I WOULD order from AB, but I live up north and right now is just NOT the time to be sending a little cutie through the mail, even though they have heat packs, we just had a north easter and the roads are horrible and it's like 10*F outside. I'm not going to subject a helpless little lovely to that right now... and I don't exactly have the money, AB is pretty expensive. Maybe I'll get lucky and find one at a LPS or Petco/smart.
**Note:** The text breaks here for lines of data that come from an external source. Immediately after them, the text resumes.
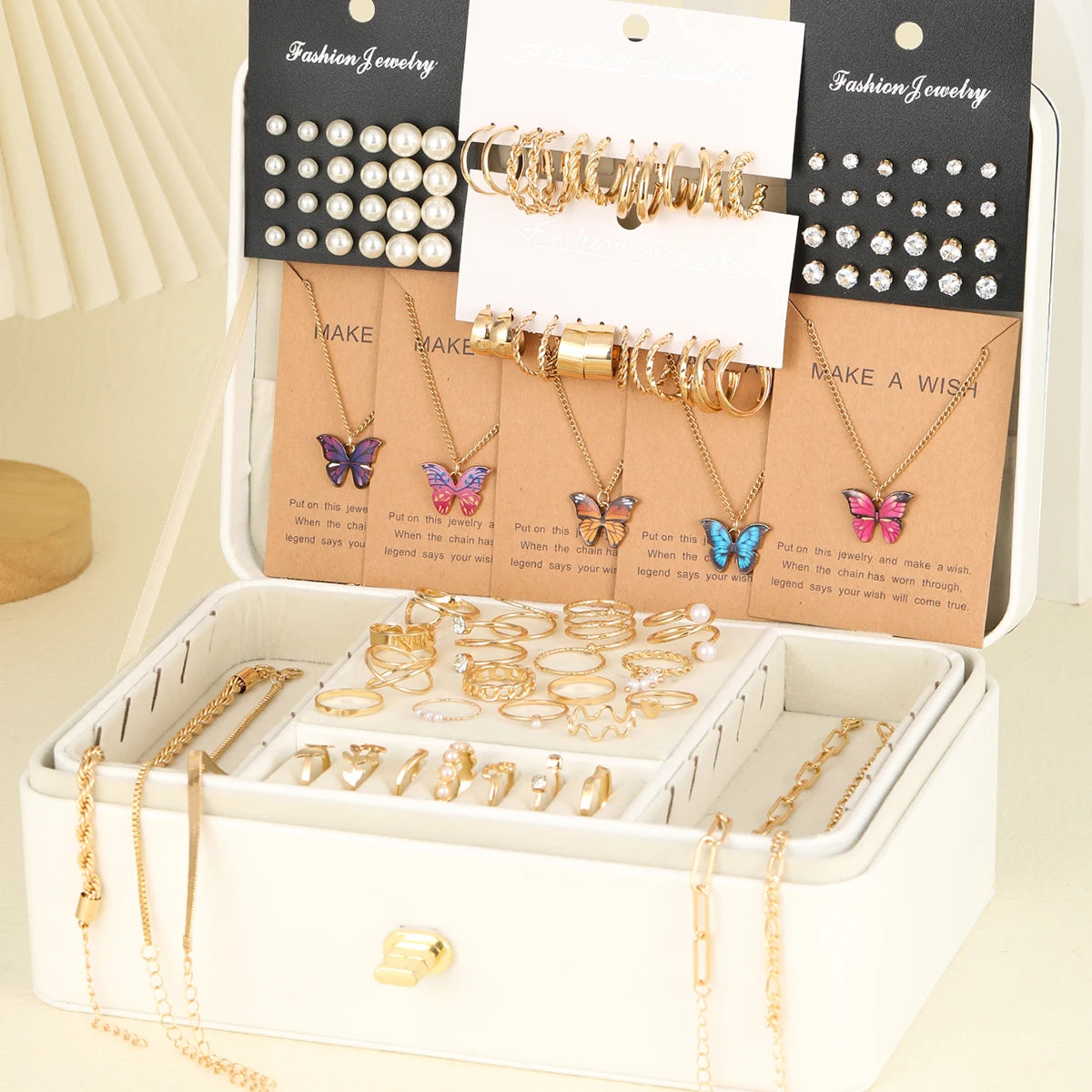 Pearl & Zircon Jewelry Collection – 104-Piece Set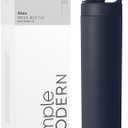 Simple Modern Water Bottle with Straw lid | Insulated Stainless Steel Thermos | Reusable Travel Water Bottles for Gym & Sports | Leak Proof & BPA Free | Mesa Collection | 24oz, Deep Ocean (24 Ounces)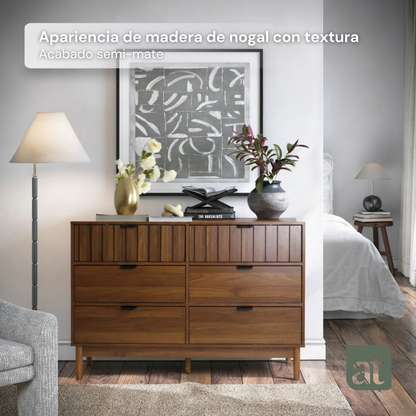 Cómoda/Cajonera color nogal con 6 cajones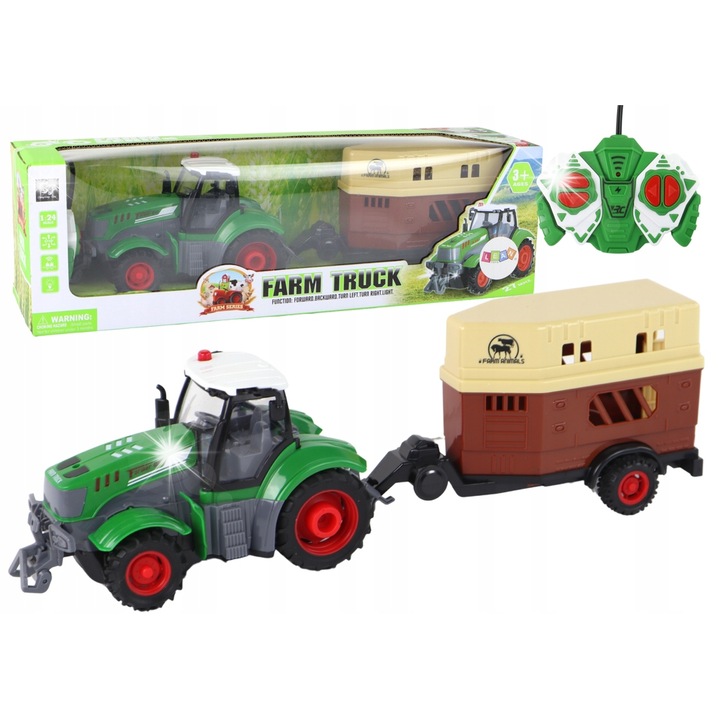 Tractor jucarie cu telecomanda LEAN Toys 1:24 verde cu remorca maro 46x14x12cm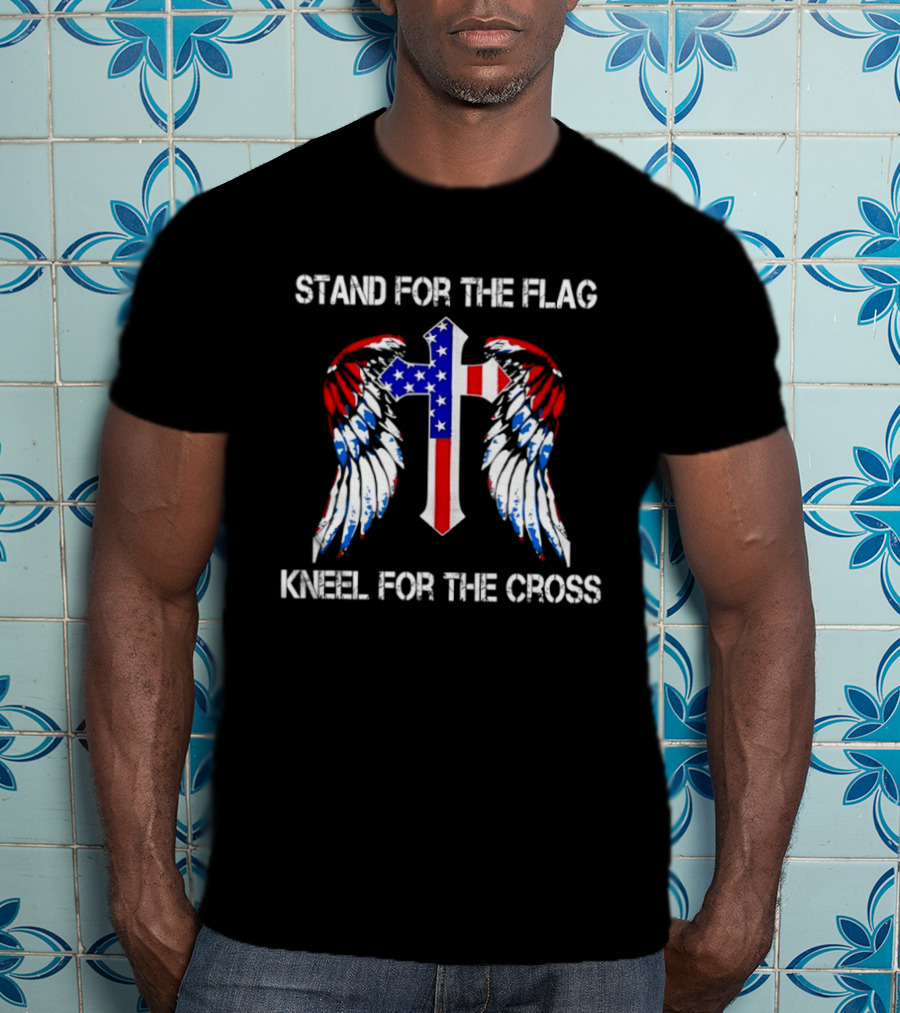 Stand For The Flag Kneel For The Cross Patriotic Wings Cross T-Shirt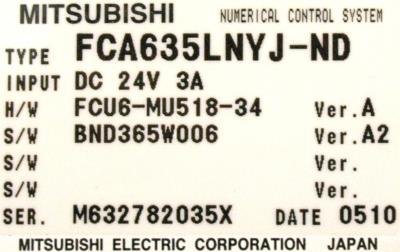 Mitsubishi FCA635LNYJ-ND label image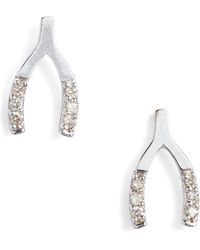 SET & STONES - Florence Diamond Stud Earrings - Lyst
I found Horizon-- my gorgeous purple one (RIP), a while back at petsmart.


----------



## rebeccaodell (Feb 11, 2013)

I have seen bettra with some pink but I don't think I ever seen a batta that was all pink


----------



## brookeandbubba (Feb 8, 2013)

themis looks kinda blind.. are they?


----------



## Elsewhere (Dec 30, 2012)

brookeandbubba said:


> themis looks kinda blind.. are they?


Yeah, Themis is partially blind and will probably be completely one day. She has difficulty finder her food, but she manages. Not all are like that, if you're asking. I bought her like that and didn't notice until after, but even if I had I wouldn't have given her up XD


----------



## brookeandbubba (Feb 8, 2013)

as you probably can see by the pic, the black of her eye looks grey ., so yea thats why , whes so cute tho


----------



## popcorndeer (Feb 4, 2013)

Shinji is 100% pink if he isnt pink no betta is lol

Shinji is buttons betta fish


----------



## Fenghuang (Dec 28, 2012)

Ryu's kind of a bright reddish pink. The lighting makes him look darker in pictures though.


----------



## Otterfun (Dec 31, 2012)

saw some baby pink color with a burgundy tail half moon at Petco.


----------